Enjeu de pouvoir et de luttes entre des intérêts contradictoires, l’école - n’en déplaise à ceux qui rêvent de sa « sanctuarisation » - est le reflet de notre société : dérives autoritaires, arrestation et fichage de sans-papiers, marchandisation, intrusions publicitaires, reconduction et légitimation des inégalités sociales...

1- Présentation du stage

2-Questions pratiques et formulaires d’inscription (voir PJ)

1- L’école et la pédagogie au service de qui et de quoi ?

Pour certains, c’est un gisement financier encore trop inexploré. Mais c’est aussi une entreprise de promotion de valeurs et de comportements (de soumission, d’individualisme et de consommation). Ces stratégies s’affichent ouvertement (les cours de soutien privés) mais avancent aussi de manière plus insidieuse : injonctions économiques, discours et pratiques pédagogiques mieux à même de répondre aux « nouvelles exigences » patronales (compétences, « employabilité », etc.). Pour ne pas en être les complices involontaires ou, pire, impuissants, nous devons les comprendre et les combattre.
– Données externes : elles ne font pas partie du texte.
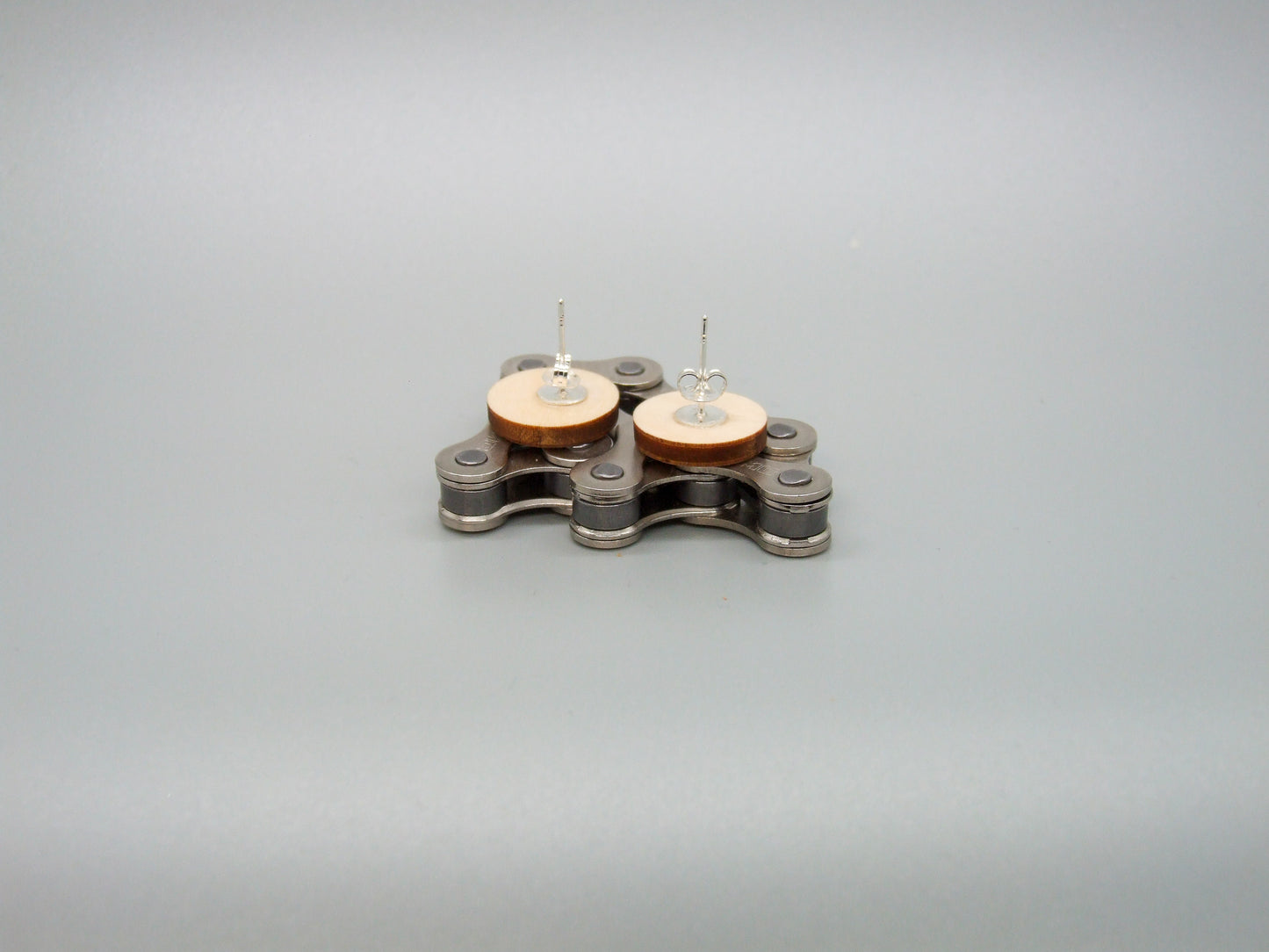 Midtail bicycle earrings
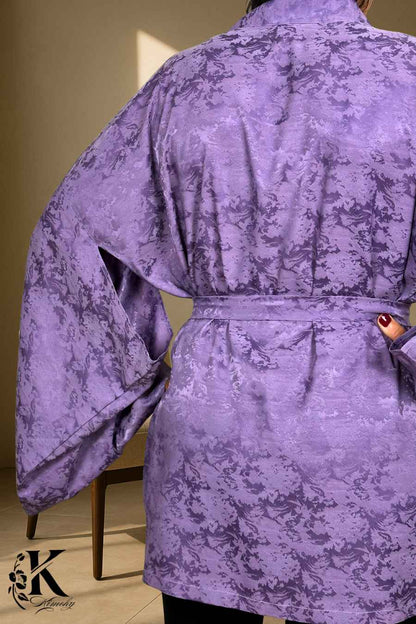 Veste kimono femme en satin violet avec motifs floraux, manches larges et ceinture, sur fond clair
Non pas en suivant le vent réactionnaire qui souffle sur l’école... ce serait faire peu de cas de cette réalité, déjà dénoncée par Célestin Freinet : « l’école est fille et servante du capitalisme ». Si l’on réalise combien l’école se prête à cet investissement par le libéralisme, « on en vient aussi à se demander si le mode de gouvernement néolibéral ne doit pas beaucoup à la logique scolaire […] et aux modalités de gouvernement qui ont été développées et perfectionnées au sein de l’institution scolaire. [1] » Avec « son » École, Ferry ne déclarait-il vouloir « clore l’ère des révolutions » ?

Alors, quelles pratiques voulons et pouvons-nous mettre en place ?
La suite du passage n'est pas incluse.